* DATA EXTRACTS *

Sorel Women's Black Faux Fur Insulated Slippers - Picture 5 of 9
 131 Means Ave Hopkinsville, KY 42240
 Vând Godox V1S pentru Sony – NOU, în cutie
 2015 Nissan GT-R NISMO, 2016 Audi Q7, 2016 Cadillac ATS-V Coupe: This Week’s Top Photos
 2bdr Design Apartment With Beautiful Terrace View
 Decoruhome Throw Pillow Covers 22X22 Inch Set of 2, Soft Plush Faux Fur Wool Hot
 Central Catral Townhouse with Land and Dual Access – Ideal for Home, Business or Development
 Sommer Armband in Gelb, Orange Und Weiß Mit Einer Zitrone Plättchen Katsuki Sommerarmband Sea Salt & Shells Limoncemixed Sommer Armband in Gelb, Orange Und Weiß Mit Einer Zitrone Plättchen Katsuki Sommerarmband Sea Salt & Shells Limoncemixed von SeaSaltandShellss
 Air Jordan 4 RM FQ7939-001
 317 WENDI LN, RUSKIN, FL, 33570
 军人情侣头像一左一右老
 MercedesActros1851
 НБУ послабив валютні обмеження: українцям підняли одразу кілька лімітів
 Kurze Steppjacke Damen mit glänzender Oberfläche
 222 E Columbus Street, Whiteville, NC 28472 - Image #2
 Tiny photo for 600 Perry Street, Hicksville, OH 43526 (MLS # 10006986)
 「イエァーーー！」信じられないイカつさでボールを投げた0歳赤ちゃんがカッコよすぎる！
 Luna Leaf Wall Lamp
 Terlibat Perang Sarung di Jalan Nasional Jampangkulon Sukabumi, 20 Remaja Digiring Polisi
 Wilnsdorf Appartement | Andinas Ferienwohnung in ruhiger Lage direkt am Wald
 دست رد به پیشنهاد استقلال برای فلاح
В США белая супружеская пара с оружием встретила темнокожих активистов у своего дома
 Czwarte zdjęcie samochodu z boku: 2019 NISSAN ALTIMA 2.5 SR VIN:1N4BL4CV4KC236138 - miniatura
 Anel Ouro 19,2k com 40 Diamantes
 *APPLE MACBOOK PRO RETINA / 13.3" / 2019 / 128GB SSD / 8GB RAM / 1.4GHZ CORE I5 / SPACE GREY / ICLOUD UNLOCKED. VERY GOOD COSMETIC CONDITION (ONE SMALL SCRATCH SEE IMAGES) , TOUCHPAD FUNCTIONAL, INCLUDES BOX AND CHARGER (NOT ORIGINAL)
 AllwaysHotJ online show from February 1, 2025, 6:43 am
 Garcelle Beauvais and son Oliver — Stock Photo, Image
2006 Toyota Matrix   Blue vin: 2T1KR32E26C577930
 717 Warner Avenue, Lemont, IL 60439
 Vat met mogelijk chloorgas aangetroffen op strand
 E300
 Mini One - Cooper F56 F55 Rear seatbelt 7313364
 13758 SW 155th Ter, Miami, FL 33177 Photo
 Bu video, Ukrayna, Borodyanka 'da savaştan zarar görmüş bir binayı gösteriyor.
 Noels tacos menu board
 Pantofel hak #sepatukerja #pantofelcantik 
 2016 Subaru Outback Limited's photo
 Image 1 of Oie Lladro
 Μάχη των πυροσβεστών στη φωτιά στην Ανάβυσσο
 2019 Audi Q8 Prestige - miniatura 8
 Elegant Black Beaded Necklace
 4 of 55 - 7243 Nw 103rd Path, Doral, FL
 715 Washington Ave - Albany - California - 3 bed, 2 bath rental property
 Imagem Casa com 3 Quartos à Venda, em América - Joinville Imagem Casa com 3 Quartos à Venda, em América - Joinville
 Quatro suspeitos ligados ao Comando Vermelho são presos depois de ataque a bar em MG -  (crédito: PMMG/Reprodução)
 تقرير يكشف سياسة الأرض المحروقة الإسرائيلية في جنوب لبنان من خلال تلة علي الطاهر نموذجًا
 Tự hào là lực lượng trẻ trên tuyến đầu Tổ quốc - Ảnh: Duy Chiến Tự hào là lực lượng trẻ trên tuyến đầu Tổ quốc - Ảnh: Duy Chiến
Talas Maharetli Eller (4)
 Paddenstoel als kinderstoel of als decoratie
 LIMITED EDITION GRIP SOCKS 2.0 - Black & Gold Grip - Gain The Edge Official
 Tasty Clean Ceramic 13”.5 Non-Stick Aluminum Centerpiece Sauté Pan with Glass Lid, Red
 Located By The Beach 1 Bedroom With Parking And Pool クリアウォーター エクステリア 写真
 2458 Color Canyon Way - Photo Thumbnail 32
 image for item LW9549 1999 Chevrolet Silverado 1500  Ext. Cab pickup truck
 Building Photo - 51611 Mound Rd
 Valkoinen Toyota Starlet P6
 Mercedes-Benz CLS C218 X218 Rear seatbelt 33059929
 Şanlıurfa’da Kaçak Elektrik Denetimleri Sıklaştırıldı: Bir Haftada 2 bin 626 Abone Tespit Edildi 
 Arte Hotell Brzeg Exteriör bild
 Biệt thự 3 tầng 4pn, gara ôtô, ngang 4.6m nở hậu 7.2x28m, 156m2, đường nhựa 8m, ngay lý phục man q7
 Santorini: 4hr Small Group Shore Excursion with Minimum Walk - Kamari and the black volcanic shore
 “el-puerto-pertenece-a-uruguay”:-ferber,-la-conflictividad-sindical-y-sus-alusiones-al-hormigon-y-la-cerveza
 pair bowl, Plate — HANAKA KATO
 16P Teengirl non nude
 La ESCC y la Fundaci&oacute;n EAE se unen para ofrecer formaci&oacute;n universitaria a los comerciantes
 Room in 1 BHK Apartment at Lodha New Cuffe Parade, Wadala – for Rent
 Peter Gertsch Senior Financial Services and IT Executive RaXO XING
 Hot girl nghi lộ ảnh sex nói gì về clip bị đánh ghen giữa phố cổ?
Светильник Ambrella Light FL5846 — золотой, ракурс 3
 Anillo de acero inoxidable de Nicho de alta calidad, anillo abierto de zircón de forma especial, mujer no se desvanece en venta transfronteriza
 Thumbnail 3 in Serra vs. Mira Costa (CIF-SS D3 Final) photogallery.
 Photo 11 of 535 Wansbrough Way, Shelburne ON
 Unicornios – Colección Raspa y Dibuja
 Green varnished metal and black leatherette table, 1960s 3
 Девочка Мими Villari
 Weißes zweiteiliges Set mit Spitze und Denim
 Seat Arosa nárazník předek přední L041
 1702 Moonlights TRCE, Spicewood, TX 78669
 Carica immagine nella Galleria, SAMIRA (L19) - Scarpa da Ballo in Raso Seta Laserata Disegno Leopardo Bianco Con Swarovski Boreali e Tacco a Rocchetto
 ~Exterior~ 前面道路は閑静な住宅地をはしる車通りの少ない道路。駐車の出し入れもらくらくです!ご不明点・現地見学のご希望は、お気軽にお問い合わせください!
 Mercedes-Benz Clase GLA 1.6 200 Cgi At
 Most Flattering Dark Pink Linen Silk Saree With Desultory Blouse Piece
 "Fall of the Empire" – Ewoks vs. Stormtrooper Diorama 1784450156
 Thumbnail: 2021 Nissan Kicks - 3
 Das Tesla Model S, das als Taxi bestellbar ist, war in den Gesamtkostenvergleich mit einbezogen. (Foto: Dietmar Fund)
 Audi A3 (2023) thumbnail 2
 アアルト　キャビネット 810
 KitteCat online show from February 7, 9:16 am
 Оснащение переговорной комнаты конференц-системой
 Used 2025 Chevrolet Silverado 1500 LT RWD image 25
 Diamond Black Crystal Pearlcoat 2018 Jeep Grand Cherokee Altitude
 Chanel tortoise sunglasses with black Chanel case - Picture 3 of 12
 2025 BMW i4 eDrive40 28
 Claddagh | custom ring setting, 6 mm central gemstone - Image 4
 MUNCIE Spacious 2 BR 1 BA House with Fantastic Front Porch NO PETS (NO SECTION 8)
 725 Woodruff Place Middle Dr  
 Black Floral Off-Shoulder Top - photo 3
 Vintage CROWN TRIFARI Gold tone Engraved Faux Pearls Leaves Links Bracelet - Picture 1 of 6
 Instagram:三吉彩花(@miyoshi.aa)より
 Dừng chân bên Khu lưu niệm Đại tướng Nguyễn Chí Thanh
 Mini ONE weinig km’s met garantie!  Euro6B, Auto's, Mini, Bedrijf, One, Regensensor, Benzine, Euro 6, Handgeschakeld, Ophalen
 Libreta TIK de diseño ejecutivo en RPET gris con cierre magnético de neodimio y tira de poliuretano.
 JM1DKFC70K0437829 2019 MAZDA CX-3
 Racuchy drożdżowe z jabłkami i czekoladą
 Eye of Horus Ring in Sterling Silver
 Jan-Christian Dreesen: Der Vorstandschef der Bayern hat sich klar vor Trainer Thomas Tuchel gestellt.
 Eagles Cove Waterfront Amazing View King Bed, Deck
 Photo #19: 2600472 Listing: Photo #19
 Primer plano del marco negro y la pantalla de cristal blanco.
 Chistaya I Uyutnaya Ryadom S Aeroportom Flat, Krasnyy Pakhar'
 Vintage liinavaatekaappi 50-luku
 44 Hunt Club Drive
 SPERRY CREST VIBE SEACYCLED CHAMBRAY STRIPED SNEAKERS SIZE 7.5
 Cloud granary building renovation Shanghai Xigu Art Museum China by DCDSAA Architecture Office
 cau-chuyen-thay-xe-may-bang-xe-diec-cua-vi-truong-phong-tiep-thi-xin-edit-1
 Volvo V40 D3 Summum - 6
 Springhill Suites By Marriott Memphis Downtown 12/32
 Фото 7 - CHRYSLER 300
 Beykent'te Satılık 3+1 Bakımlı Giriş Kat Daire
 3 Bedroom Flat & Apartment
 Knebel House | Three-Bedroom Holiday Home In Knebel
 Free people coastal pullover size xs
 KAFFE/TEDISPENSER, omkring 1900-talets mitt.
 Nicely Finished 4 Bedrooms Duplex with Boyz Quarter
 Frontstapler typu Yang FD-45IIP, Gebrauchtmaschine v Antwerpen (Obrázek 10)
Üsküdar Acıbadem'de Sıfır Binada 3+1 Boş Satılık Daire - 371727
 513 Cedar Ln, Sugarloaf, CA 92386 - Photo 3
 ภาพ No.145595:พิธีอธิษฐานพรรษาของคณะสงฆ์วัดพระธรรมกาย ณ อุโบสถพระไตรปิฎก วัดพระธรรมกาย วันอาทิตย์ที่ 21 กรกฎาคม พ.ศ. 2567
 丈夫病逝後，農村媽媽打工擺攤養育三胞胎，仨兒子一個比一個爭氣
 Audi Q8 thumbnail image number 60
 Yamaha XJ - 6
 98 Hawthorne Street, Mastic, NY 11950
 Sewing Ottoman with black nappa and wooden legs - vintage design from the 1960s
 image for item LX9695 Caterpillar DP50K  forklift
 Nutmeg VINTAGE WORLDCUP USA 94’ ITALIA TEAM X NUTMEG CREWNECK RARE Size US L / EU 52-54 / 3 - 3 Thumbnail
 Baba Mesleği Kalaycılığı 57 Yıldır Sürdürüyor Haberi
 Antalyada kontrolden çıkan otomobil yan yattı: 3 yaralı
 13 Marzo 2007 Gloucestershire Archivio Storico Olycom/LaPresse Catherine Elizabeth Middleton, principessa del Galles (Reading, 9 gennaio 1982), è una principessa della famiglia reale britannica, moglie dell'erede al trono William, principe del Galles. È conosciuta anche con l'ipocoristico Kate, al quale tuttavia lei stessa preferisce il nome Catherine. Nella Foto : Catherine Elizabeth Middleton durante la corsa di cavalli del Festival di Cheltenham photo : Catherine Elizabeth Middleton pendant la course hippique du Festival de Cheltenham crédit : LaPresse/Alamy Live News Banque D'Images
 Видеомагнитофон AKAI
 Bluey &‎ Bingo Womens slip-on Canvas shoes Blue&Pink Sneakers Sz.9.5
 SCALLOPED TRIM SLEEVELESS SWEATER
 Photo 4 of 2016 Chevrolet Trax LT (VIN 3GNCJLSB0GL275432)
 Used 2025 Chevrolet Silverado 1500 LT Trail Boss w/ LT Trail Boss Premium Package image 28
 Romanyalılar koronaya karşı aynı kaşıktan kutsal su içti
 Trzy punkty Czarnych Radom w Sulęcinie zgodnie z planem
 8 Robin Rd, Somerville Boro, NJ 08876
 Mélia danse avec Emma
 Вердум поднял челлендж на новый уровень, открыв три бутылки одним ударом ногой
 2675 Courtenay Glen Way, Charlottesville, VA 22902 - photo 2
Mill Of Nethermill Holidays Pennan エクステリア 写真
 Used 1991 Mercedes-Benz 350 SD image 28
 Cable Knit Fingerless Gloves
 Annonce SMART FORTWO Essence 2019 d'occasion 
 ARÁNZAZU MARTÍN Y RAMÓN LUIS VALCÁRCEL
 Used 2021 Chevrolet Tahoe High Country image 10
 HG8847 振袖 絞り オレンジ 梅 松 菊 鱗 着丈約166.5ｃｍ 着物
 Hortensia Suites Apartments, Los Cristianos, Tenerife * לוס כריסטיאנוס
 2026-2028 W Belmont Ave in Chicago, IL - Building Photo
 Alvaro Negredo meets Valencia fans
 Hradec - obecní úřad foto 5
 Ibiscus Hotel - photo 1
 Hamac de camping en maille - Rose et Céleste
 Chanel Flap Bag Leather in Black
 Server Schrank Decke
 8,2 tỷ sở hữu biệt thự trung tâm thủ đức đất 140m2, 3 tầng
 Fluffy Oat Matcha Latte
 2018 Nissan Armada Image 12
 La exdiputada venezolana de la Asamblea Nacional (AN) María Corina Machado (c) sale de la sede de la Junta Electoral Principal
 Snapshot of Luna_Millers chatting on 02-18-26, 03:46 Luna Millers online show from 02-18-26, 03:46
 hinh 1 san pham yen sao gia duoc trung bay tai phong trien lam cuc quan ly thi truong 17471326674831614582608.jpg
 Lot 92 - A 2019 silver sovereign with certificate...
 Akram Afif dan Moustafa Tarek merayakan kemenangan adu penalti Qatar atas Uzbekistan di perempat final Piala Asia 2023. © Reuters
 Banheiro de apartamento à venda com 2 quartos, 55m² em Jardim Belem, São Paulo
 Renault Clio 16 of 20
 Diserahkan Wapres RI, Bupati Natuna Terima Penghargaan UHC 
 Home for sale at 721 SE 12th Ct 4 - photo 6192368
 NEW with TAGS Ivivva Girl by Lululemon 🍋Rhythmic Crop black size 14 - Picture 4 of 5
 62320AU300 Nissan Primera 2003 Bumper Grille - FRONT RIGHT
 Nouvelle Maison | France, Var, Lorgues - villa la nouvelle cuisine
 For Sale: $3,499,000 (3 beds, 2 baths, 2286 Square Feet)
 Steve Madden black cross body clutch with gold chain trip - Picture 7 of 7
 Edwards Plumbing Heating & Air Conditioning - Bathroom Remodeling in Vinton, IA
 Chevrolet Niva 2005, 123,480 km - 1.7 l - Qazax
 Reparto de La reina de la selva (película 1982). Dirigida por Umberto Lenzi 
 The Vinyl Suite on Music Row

* EXERCISE AIM *
Once you have counted every line in the listing that holds the string "Audi", give that number and nothing else.

* TASK OUTPUT *
4